--- Data to examine Enclosed Below ---
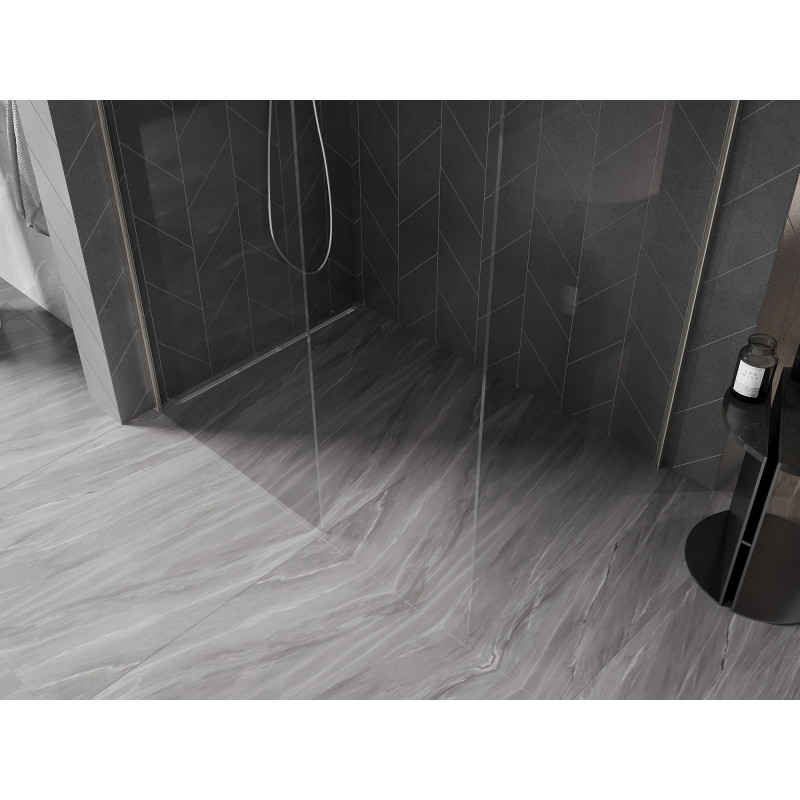 Mexen Kioto-X dušisein Walk-in 120 x 90 cm, läbipaistev 10 mm, harjatud nikkel - 800-120-202-97-00-090-X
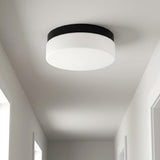 11" Black Metal And Glass Flush Mount Ceiling Light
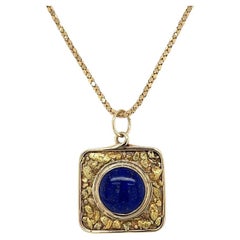 Vintage 3 Carat Lapis Lazuli Square Gold Nugget Pendant Necklace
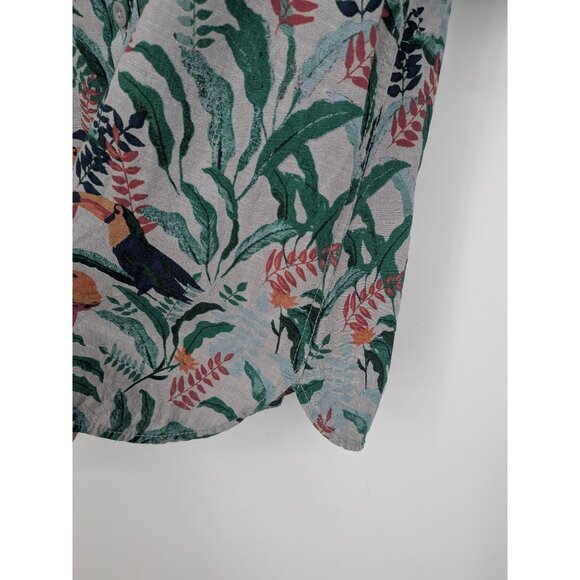 Mossimo Supply Hawaiian Button Up Shirt Men Size L Floral Toucan Tropical Resort - Picture 6 of 10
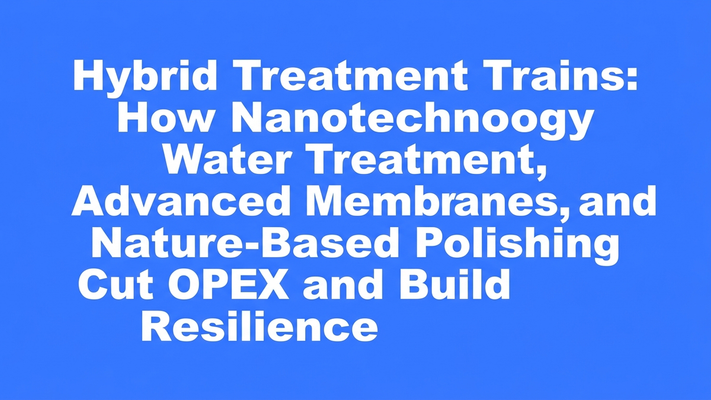 Typographic hero cover for the blog post on hybrid treatment trains combining nanotechnology, membranes, and wetlands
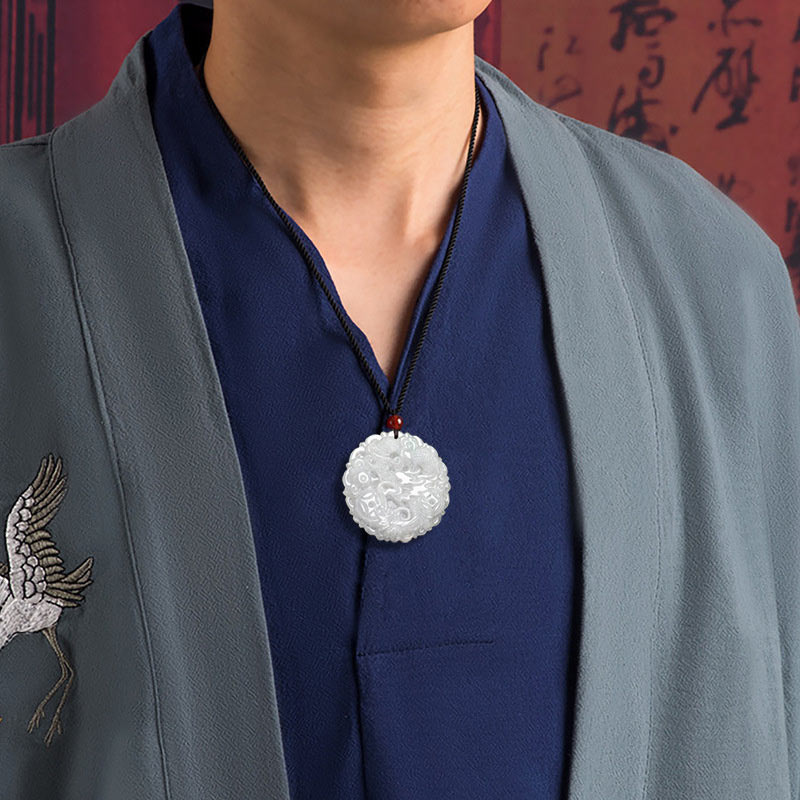 Fortune Jewel White Jade Dragon Protection Necklace String Pendant Fortune Jewel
--- End of Enclosed Data to examine ---
__Your assignment__
Nothing but the lines from the line containing "Mossimo Supply Hawaiian" through the end of the records belongs in the answer, written out exactly, both ends included, without pictures.

__Expected answer__
 Mossimo Supply Hawaiian Button Up Shirt Men Size L Floral Toucan Tropical Resort - Picture 6 of 10
 Typographic hero cover for the blog post on hybrid treatment trains combining nanotechnology, membranes, and wetlands
 Fortune Jewel White Jade Dragon Protection Necklace String Pendant Fortune Jewel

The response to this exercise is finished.